Clinical risk management is concerned with improving the quality and safety of care through the identification of circumstances and opportunities that put patients in harm’s way and then act to control the risks. Risk management involves four steps. These are risk identification, assessment of the severity of risk, reduce/eliminate the risk, and assessing the costs saved or spent in reducing the risk or where the risk occurs respectively.

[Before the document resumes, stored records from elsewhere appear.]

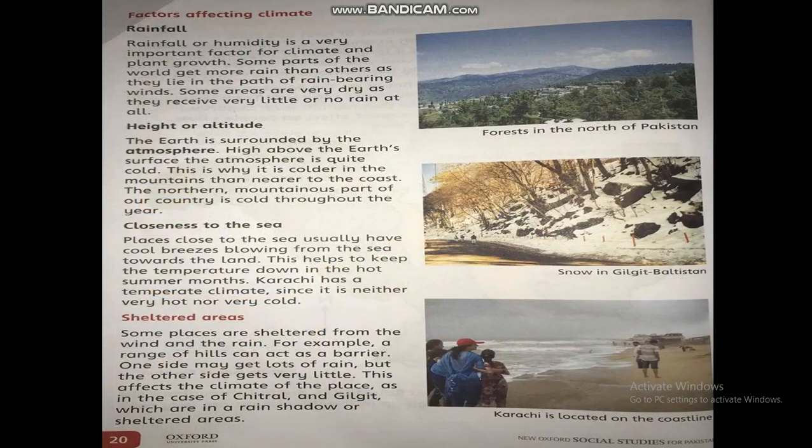Factors affecting climate: Number 1, Rainfall. Number 2, Height and altitude. Number 3, Closeness to the sea and shelter areas. Rain is an important factor for the climate as it provides water, which is essential for the survival of humans, plants, and animals.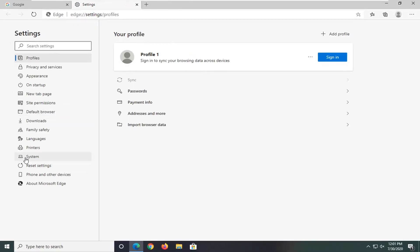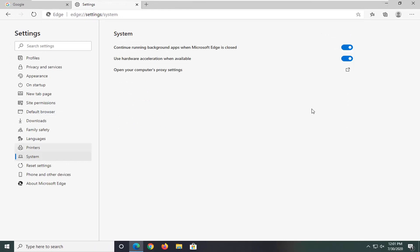Select the system option on the left side. And then where it says continue running background apps when Microsoft Edge is closed, go ahead and toggle that to the off position by clicking inside the oval one time.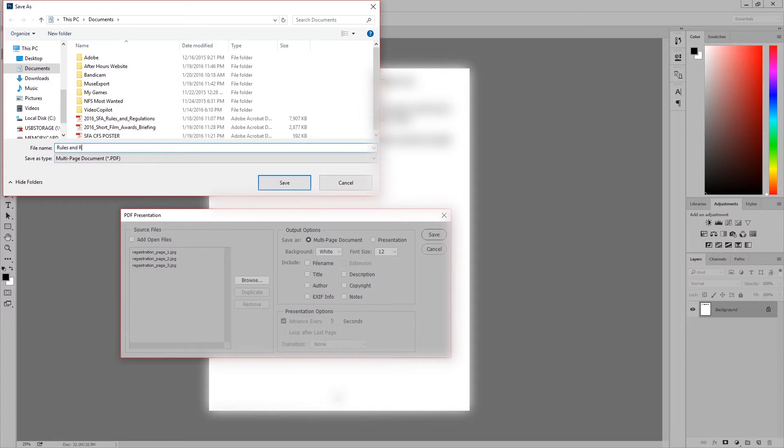So just go ahead and name it whatever you're going to name it. In my case I'm going to name it rules and regulations video explanation.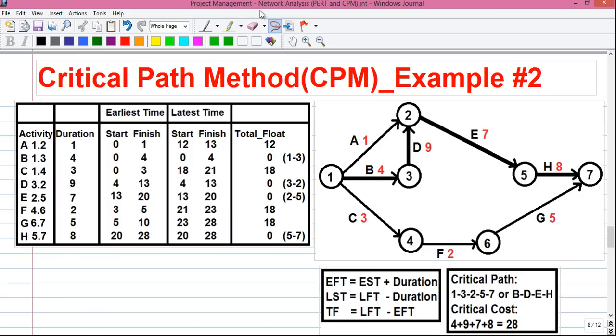Hello my dear friends, I am Sujoy and I am back with a new series of tutorials for you. In this series of tutorials, I am telling you how to do project management using network analysis. This is my second video on Critical Path Method.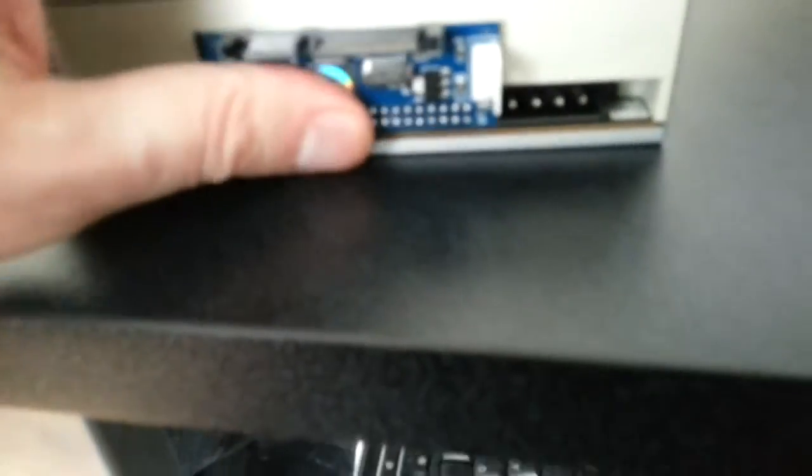Right, okay, it goes in this way. So you just do that and just push it in and it fits snugly there.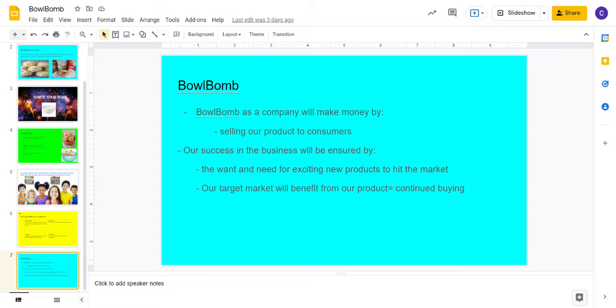The reason Bowl Bomb does better than our competition is it is portable, easily accessible, and quickly consumable cereal that is perfect for all types of things: travel, recreational use such as eating at home. It's fun, and no other cereal brand just competes.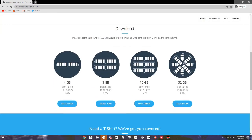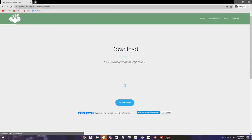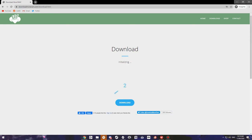You want to pick the amount of RAM. I'm just going to go for 8. And then you just click download.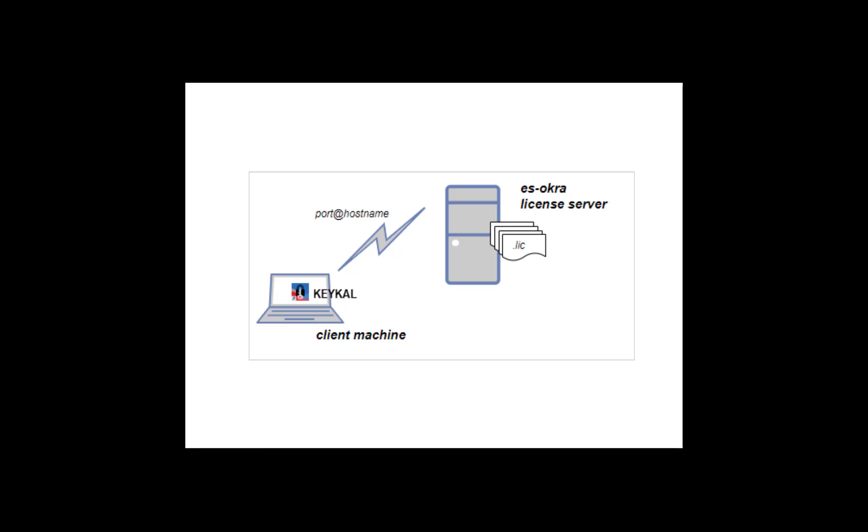If you don't know the name of your license server, contact your system administrator, or the person who set up that server in your company, and request the name.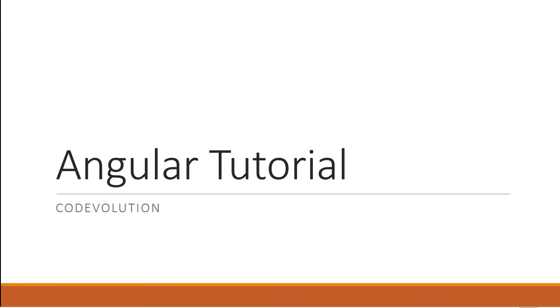Hey guys, my name is Vishwas and welcome to a brand new series on Angular. Now if you are a returning subscriber, you may already know that there is an extensive tutorial series in the channel on Angular 2.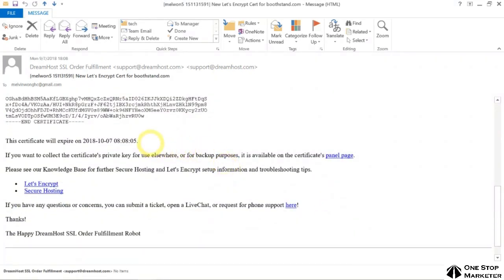It shows that your certificate will expire three months from now. Let's Encrypt SSL certificates are renewable every 90 days, which is three months.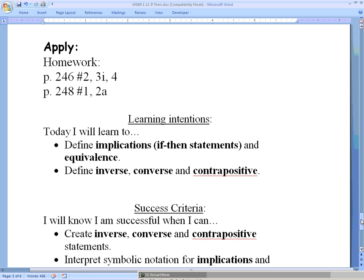There's some book work on pages 246 to 248, and we will see you next time.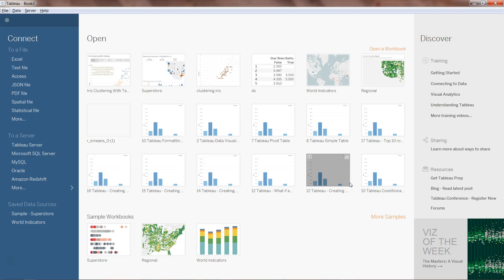Hey guys, welcome to the Tableau tutorial. In this video I will talk about clustering. In my previous video I talked about what clustering is and we took the iris data to create clusters to identify the three different species of flower. Here in this video I am showing you one other example that will help you get more understanding and see clustering from a different angle.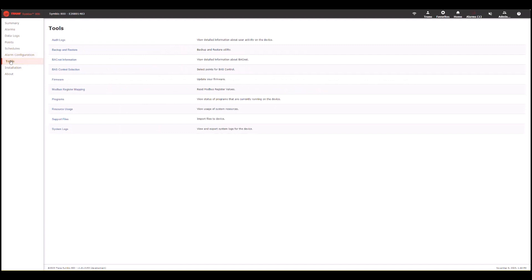There are a bunch of tools within Symbio UI. If you want to backup and restore or look at system logs or audit logs, you can do that as well.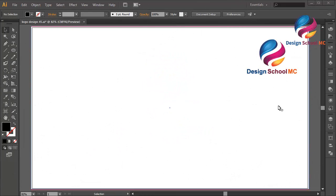Hi everyone, welcome to Design SQL MC. In this video, I will create a flame icon design.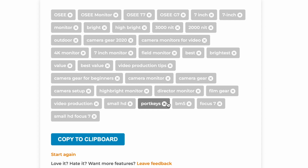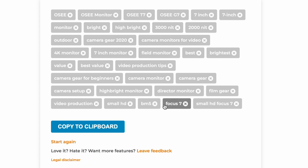For example, if I was reviewing an OC monitor, I might not want to include port keys as a keyword. Then you can just click copy to clipboard and paste them into your video tag section. Now from that list, you can choose the best ones that are the most appropriate for your video, like YouTube recommends.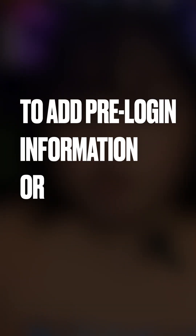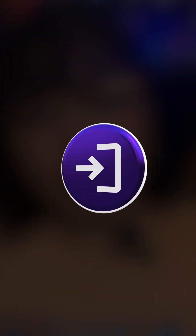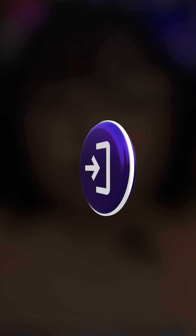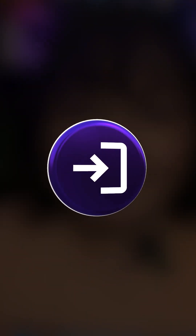Use login flows to add pre-login information or actions for your users. Leverage login hours to ensure users are only accessing the system at a time that makes sense.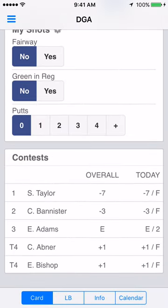At the bottom you'll see a live leaderboard of the tournament. To continue to the next hole, swipe left.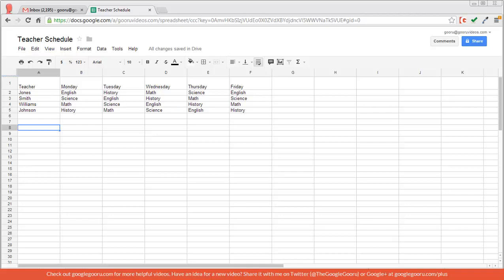Now if I think this spreadsheet would look better if the rows and columns were reversed, with Excel I would just use a transpose copy and paste function. But unfortunately there's not something like that in spreadsheets, but there is a formula that you can use.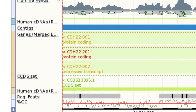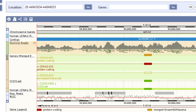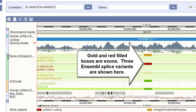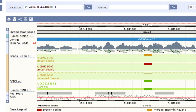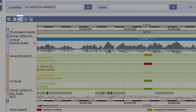I can also move the tracks around. For example, if I want to compare the Illumina reads directly to the gene, I can move it down next to CDH22. Once I finish my customization, I can either save this panel as an image or share it with a collaborator.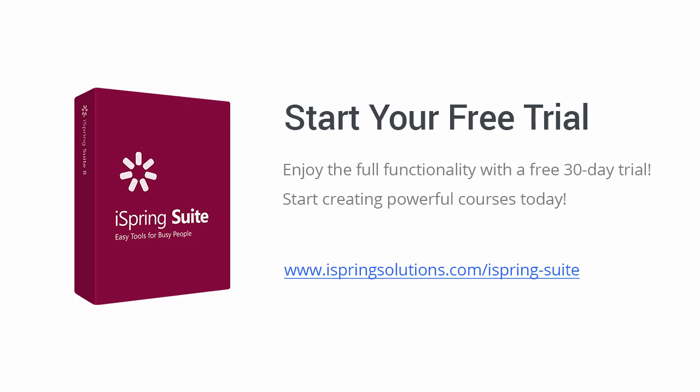You're welcome to test drive all the features of iSpring Suite 8 for 30 days. If you already have a license key, you can activate it right away. See the tutorial on activating iSpring Suite 8 for more information.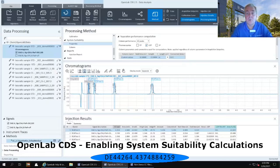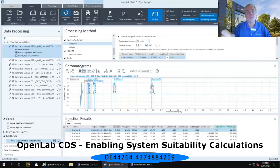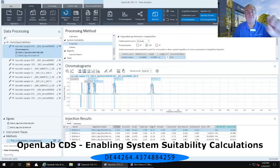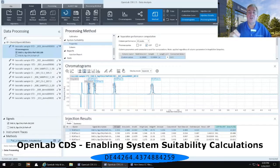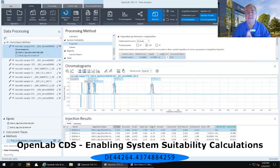Now notice down below in the injection results, we have our two custom calculation columns — the USP resolution and the area percent. Also notice our resolved USP has numerical values filled in. For the very first injection, I've got a failure on the RLM test two and three peaks because they are below my USP resolution of 13, but my last one is above the USP resolution of 13 and it marks it as passed in my injection results table.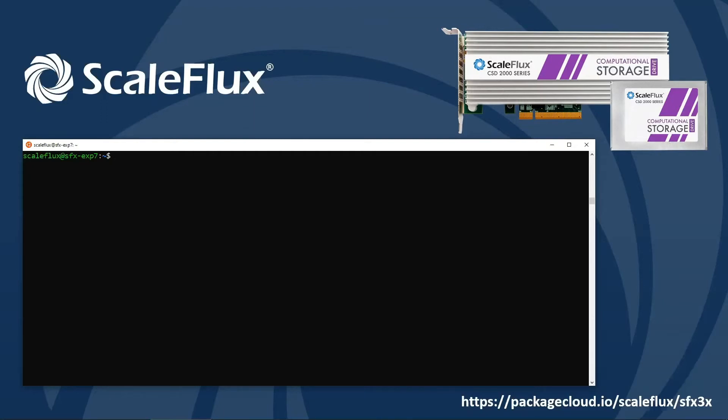The first thing we're going to do after plugging in one or more drives is make sure that we can see them on the PCI bus with lspci. DeviceID is CC53, and we can see that we have one device connected to the system.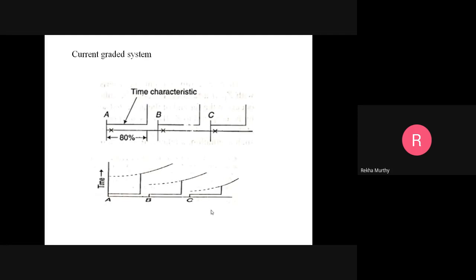The performance of instantaneous relays is affected by the DC component of the transient, which causes relay overreach due to the DC offset component, resulting in a higher pickup-to-ratio problem. A DC filter is mainly used to overcome this problem. This current-graded scheme is used where the impedance between substations is sufficient to create a margin of difference in fault currents. Its advantage over time-graded systems is that the operating time is less near the power source.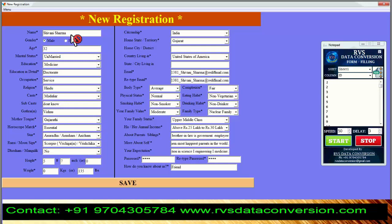The completed form will glow as green color in Autotyper. Thanks for watching. Contact: +91 9704305784.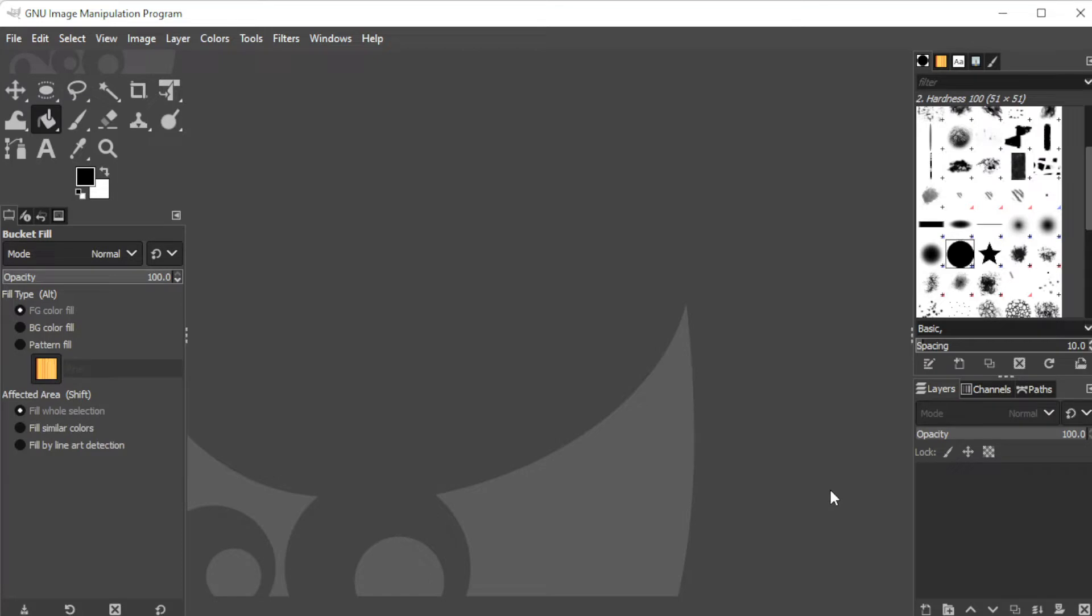The encapsulated postscript format, or EPS, is not quite as common as it used to be, but you can still open your EPS file in GIMP.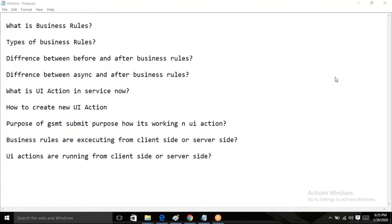UI actions are executing from both server and client. If you want to execute on the client side, you need to enable the checkbox called 'Client' and write the script in the client section. These are the APIs frequently asked by interviewers.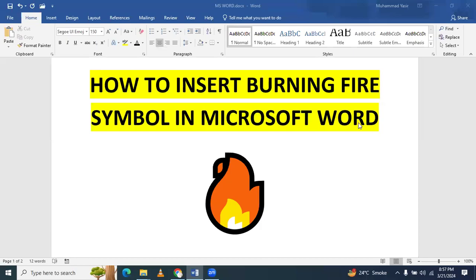In this video we will learn how to insert a burning fire symbol in a Microsoft Word document, like I have already inserted.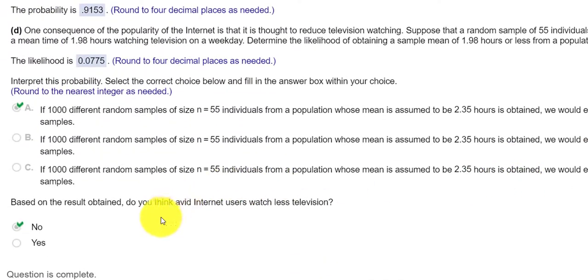And then it says, based on this result, do you think avid internet users watch less television? Well, no.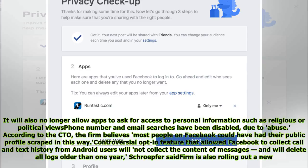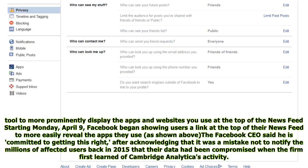According to the CTO, the firm believes most people on Facebook could have had their public profile scraped in this way. A controversial opt-in feature that allowed Facebook to collect call and text history from Android users will not collect the content of messages, and will delete all logs older than one year. Schroepfer said the firm is also rolling out a new tool to more prominently display the apps and websites you use at the top of the news feed, starting Monday, April 9.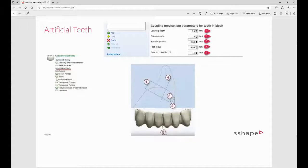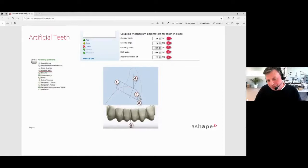Another question: what is coupling angle? Herman shares his screen to show: the coupling angle is the angle between the buccal side of the teeth and the angle with the gingiva — the angle at which the gingiva meets the tooth at the coupling interface.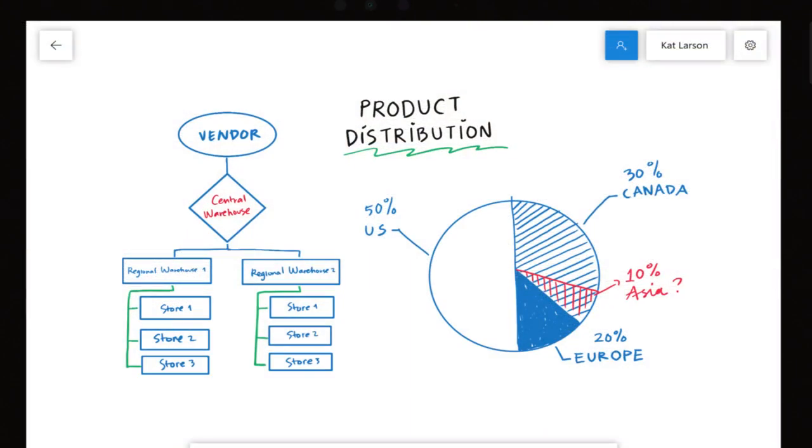Inside of each Teams meeting, there is a place that simulates a real-life whiteboard, and it's called Whiteboard. It's a blank slate where everyone can write down their ideas and see them in real time, just like you would with a real physical whiteboard.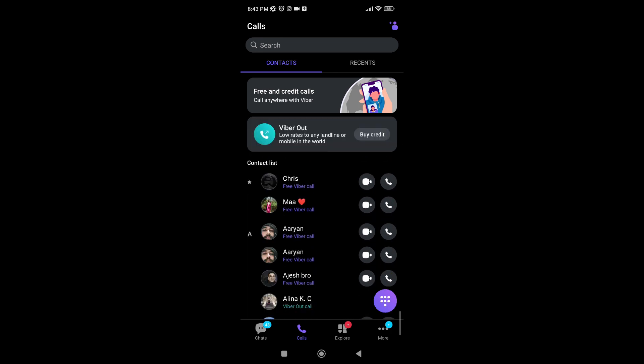And that's it guys, that's how you search for someone on Viber. Now if you have any questions, let us know in the comments down below and thanks for watching.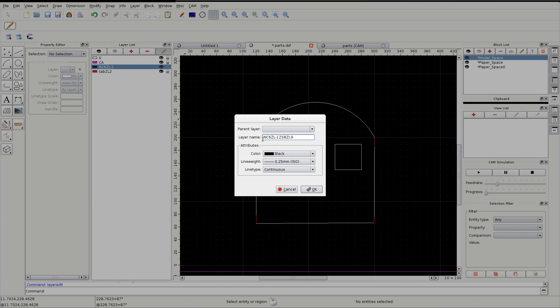So we have a normal cut with a 6mm offset, a final Z level of minus 1, a Z start level of 8, and a Z increment which will go down each time of 0.9.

The medication error resulted into the death of a newborn baby, and this resulted from the lack of proper procedures and guidelines including knowledge to handle the situation. Therefore, for risk management, the risk manager should first identify and evaluate the source of the risk that from this case study arises from a myriad of factors. These are, for example, the lack of knowledge on drug treatment of congenital syphilis by the health care providers and the erroneous reading of the prescription order by the pharmacist. In addition, there is a lack of institutional checks and procedures for drug administration and treatment just to mention a few. Following risk identification and evaluation, the risk manager should come up with means of ensuring that no similar losses are experienced in the future, and this is achievable by setting up treatment guidelines and protocols for such patients. Moreover, the risk manager will be key in ensuring that the health care providing team has received the education and training required in the field to ensure that there are no future losses.
Moreover, per the IOM, all the processes that are associated with administration of medications require evaluation for safety and given priority for improvement of the quality as need arises (Benet, 2008). Therefore, the risk manager has the role of conducting evaluations of the medication administration processes to ensure they provide the best safety and health outcomes. This according to the IOM can be attained using three strategies. These are designing systems that prevent such errors, designing procedures to make the errors visible when they occur, and designing procedures that eliminate harm to the patient from the errors detected (Benet, 2008). These are the roles of the risk manager in the current situation.
The Requirements of the Joint Commission of Reporting Sentinel Events for a Hospital
The Joint Commission in support of its mission of guaranteeing that safety and quality care is provided to the public is continuously improving. It reviews hospital activities in its accreditation process in response to sentinel events (Jcr, 2009). This process includes all accreditation surveys and where appropriate cause-surveys and random validation surveys that are specific to Evidence of Standard Compliance (ESC). Sentinel events are the unexpected occurrences that involve the death, serious physical injury, serious psychological injury, or any risks involved thereof (Jcr, 2009). Serious injury here comprises of loss of limb or function and the term "or the risk thereof" comprises of any process variations whose re-occurrence increased susceptibility to serious deleterious outcomes. These events are referred to as sentinel events as they are an indicator for the need for investigation and timely response. Two term "sentinel event" and "error" are not synonymous as sentinel events occur erroneously, and not all erroneous occurrences are sentinel events (Jcr, 2009).
The Joint Commission may be become aware through voluntary self-reporting or other forms of reporting of a sentinel event meeting the policy’s criteria. If the event is within an accredited hospital the hospital is required to first prepare an analysis that is thorough and credible of the root cause and a plan for action within 45 days of the occurrence of the event or becoming aware of the event (Jcr, 2009). Second, submitting to the Joint Commission the analysis of the root cause and the action plan or as otherwise provided by the Joint Commission evaluation of the response to the sentinel event under a protocol that is approved within 45 days of the occurrence of the event. If the hospital does not submit the root cause analysis within an additional 45 days after its due date. Its accreditation status may be affected (Jcr, 2009).
Steps a Risk Manager Should Take to Address the Events in the Case Study
The management of risks includes as mentioned earlier conducting risk assessments and establishing risk mitigation strategies for the risks. Risk assessment here includes the identificat...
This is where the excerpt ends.